How a Ground Zero “prayer space” comes with different cultural controversies than a mosque

Over at the Cordoba Initiative’s blog, I had a comment underneath a post that tried to differentiate the prayer space, now AKA “a meditation room,” at their proposed Islamic Cultural Center from a mosque, as suggested by the phrase “the Ground Zero mosque.” The Cordoba people wrote:

Prayer space does not signify a mosque.  Certain aspects of Cordoba House disqualifies it as a mosque, including space for musical performance or a restaurant, which are not allowed to be in a mosque.  However, additional prayer is necessary as the existing nearby mosques are no longer able to tend to the need for prayer space.
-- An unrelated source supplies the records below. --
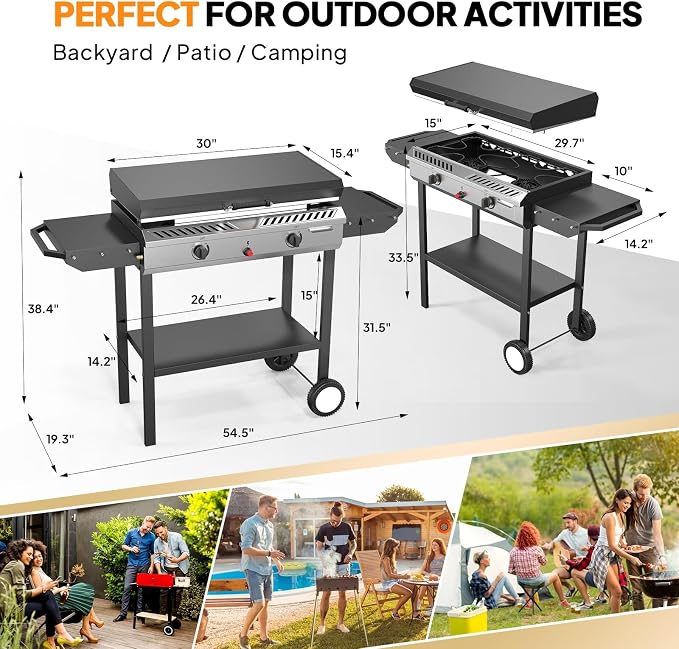 Bonnlo 2-in-1 Propane Stove and Griddle, Iginition Outdoor Gas Cooker - Image 6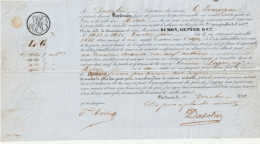 33-Connaissement Dumon, Genyer & Cie....Dussolier..Capitaine Navire Le Pourvoyeur...Bordeaux (Gironde) 1852 - Transportmiddelen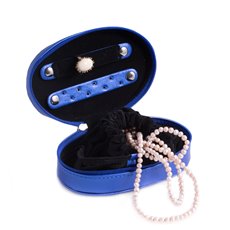 Blue Leatherette Multi Compartment Jewelry Case with Zippered Closure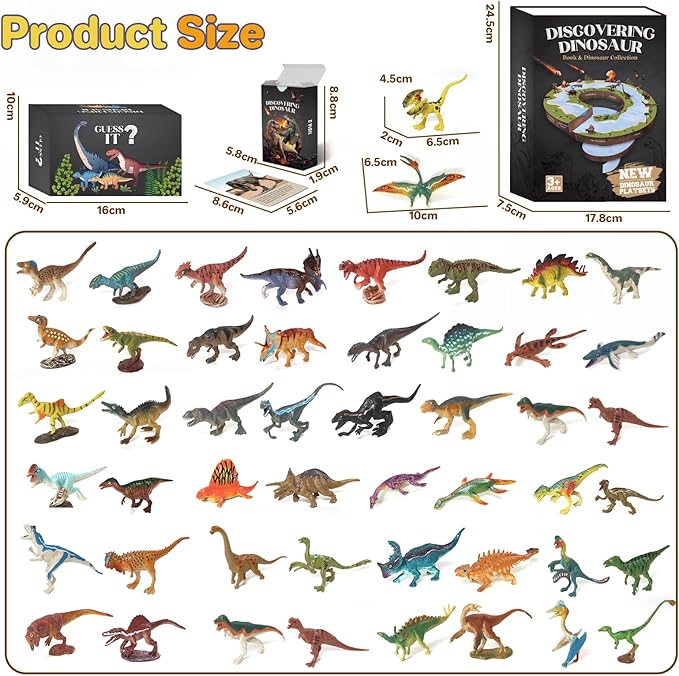 Dinosaur Toys for Kids 3-5 5-7, 50 pcs Realistic Dinosaurs with Book & Dinosaurs Learning Cards - Educational Small Dinosaur Figures for Party Favors Gifts, Boys and Girl 8-12 Year Old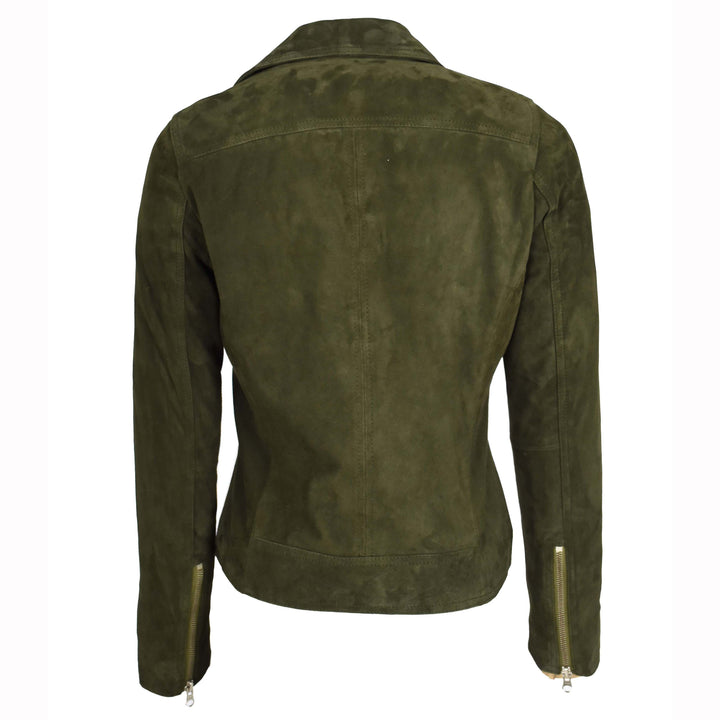 Women's Genuine Goat Suede Biker Jacket Lola Olive Green 2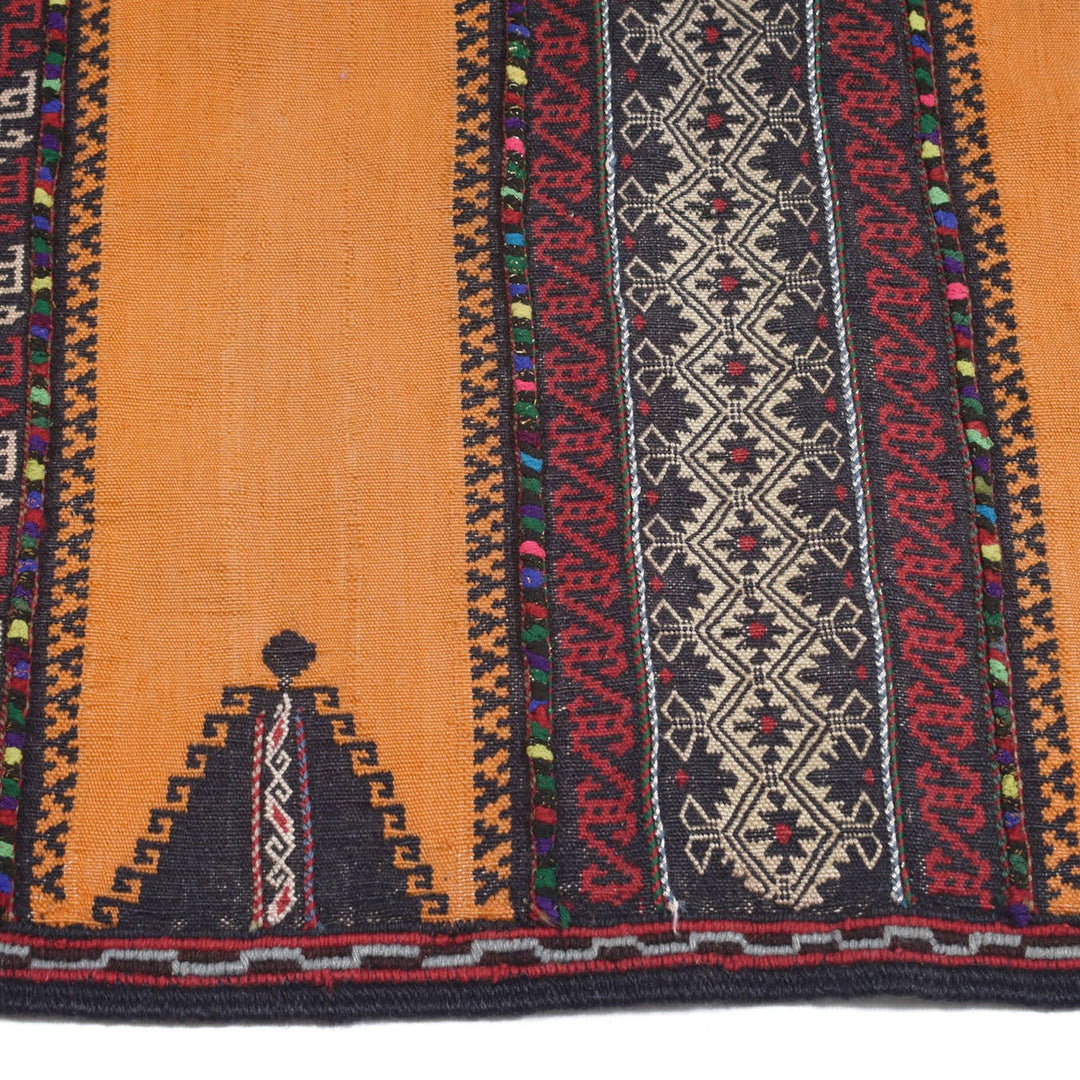Orange Afghan Kilim Rug 2' x 4'2" Flat-Weave detail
Furthermore, Cordoba House’s vision is bigger than being a mosque.  It is about creating a community center that serves all New Yorkers.  A prime example of this fact is the planned meditation room, where people of any faith can pray or meditate.  For all these reasons we believe it is imperative to have prayer space in the Cordoba House.

My comment was approved, I think, and then deleted. It was only a few questions actually, that I did not ask in bad faith. I figured a Cordoba representative might have good answers for them. Here was the comment verbatim:

Is there more than one meditation room?

What if one group of men and women want to pray/meditate separately? Will there be one room with a divider and one room without one?

What if one group wants to pray to what Islam would recognize as an idol, in the same room as Muslims? Will there be one room for Muslims and one room for others?

These questions became looming issues, and still are, for my former university — particularly since women were prompted to pray behind the men whenever the Muslim Student Association signed out use of ballroom for afternoon prayers.

If Americans want to support moderation in Islam, would some of us, Muslims and non-Muslims, refuse to patronize an Islamic Cultural Center that segregated men and women, maybe going so far as to designate an inferior placement for women? (Peter Beinart might have to, since his recent support for the Woman of the Wall and their tactics are part of his critique of mainstream Zionism … )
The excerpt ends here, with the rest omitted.